4-year-old: "NoNoNoNoNoNoNoNoNoNoNoNo!"

Adult: "Fine. Go ahead and starve, then."

Since I am both the adult and the defiant 4-year-old, I have learned the hard way that nobody wins this battle. The 4-year-old will hold out to the point of energy crisis, and fall into holes that are very difficult to extract myself from. I now know to just give in to my more primitive cravings.

Adult: "Here, eat a big handful of peanut butter cups."

4-year-old: "Yay! I love peanut butter cups! I love this! I wish every day could be hundred-mile-slog peanut-butter-cup day!"

And I have learned, in these situations, everybody wins.
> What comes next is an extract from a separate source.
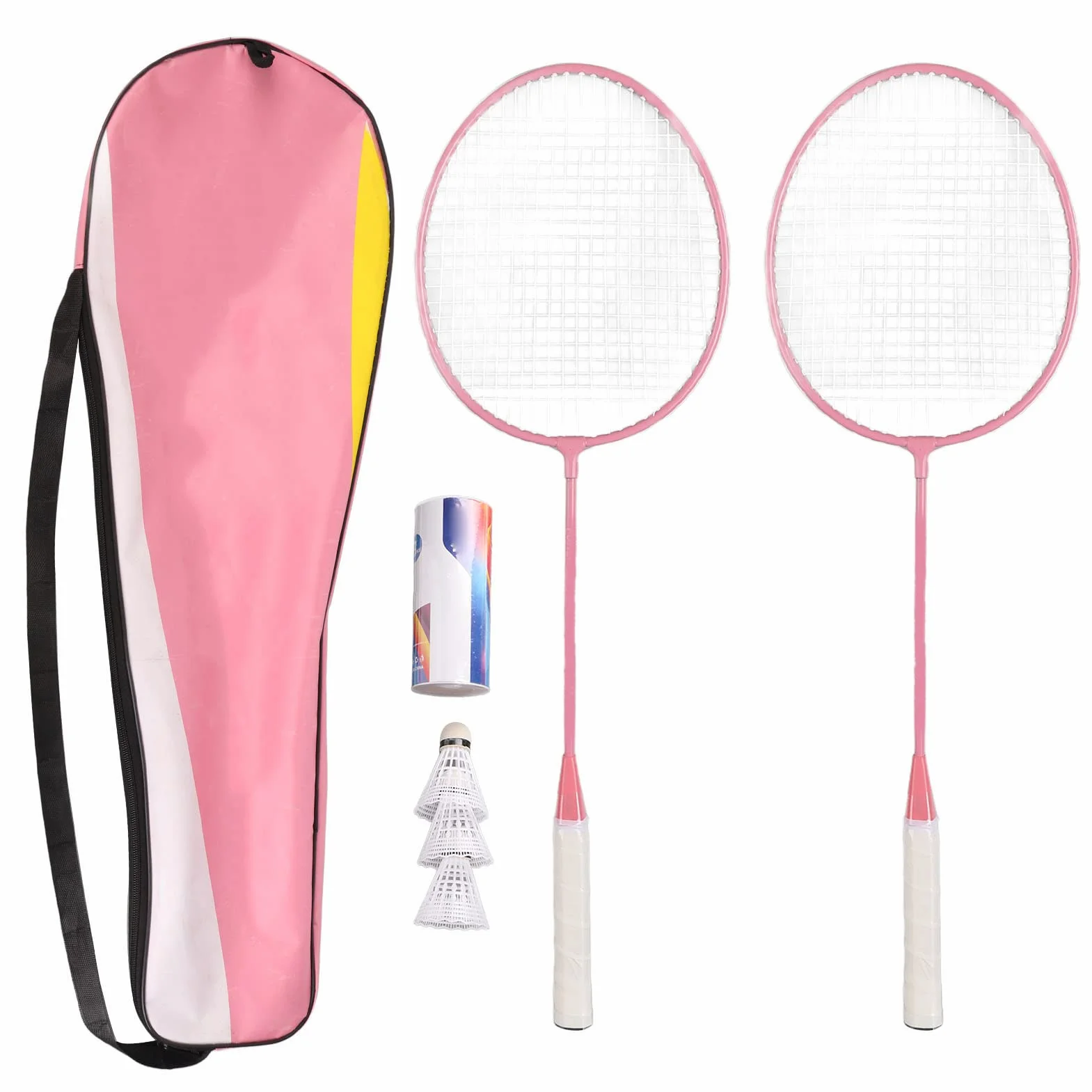 Keenso Juego de Raquetas de Bádminton K1134 Aleación de Hierro con Bolsa de Almacenamiento Rosa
The 4-year-old version of me stays relatively content, warm, and fueled, and thus has a better chance of finishing the race, which makes adult me happy.
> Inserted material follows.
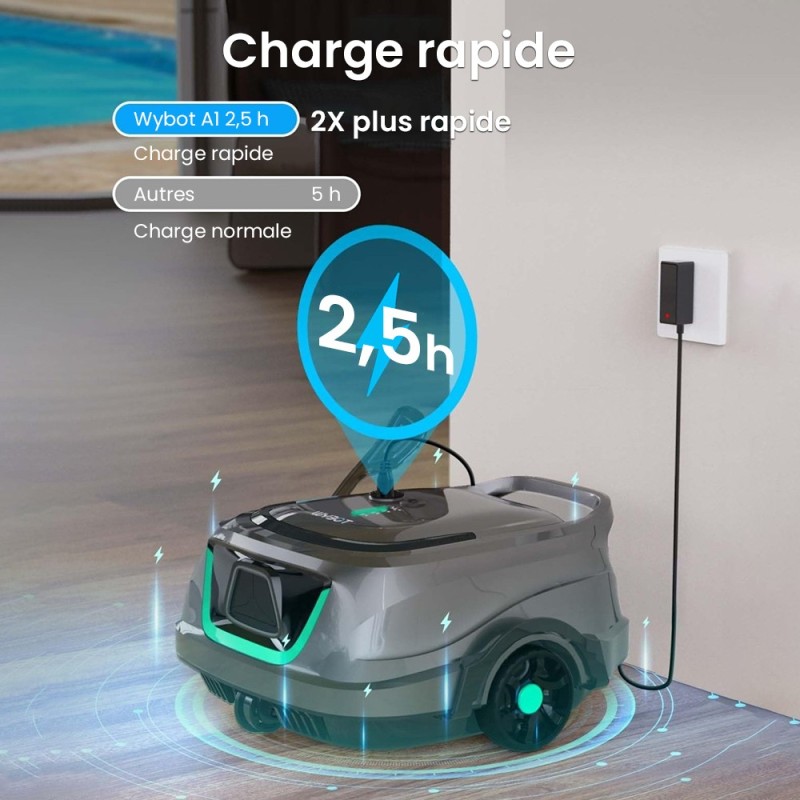 WYBOT A1 Robot aspirateur de piscine sans fil  double filtre  autonomie de 120 minutes  charge rapide en 2,5 heures  pour piscin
Today I wandered around Trader Joe's to choose items for my "rocket fuel" mix. This is "rocket fuel" in the Voyager 1 sense. It won't make me fast, but my rocket fuel will enable me to motor slowly into deep space (or at least backcountry Alaska) on a single generator. I plan to carry six 500-calorie bags for refuel at each checkpoint, along with 1,000 calories of salty snacks and 1,000 calories of straight-shot-sugar gummies. Right now I'm thinking about mixing mini-peanut butter cups and chocolate-covered peanut butter pretzels (for crunchy peanut buttery deliciousness), chocolate-covered espresso beans (for slow-drip constant caffeine), and roasted pecans (to trick myself into some protein and slow-burning fats.) The salty snacks will likely be Combos or some kind of cheesy crackers. For gummies, right now I'm really into Sour Gummy Life Savers. The Susitna 100 also requires 3,000 calories of emergency food that we're not allowed to consume until after we leave the last checkpoint, the final 15 miles. For this I'm planning on carrying the old standby of king-sized Snicker Bars, in case the rocket fuel becomes unappealing. This totals 8,000 calories, 5,000 of which I intend to consume over 36 to 48 hours. And of course everything will be supplemented by checkpoint meals, of which I'll probably have access to three or four, and which tend to be carby and salty. I'm also carrying electrolyte tablets.

It's a junk food feast that's far from nutritionally sound. But when it comes to nutrition, there's food that keeps you healthy, and there's food that keeps you alive. I have learned that sometimes, these aren't necessarily the same foods — and the latter is more important.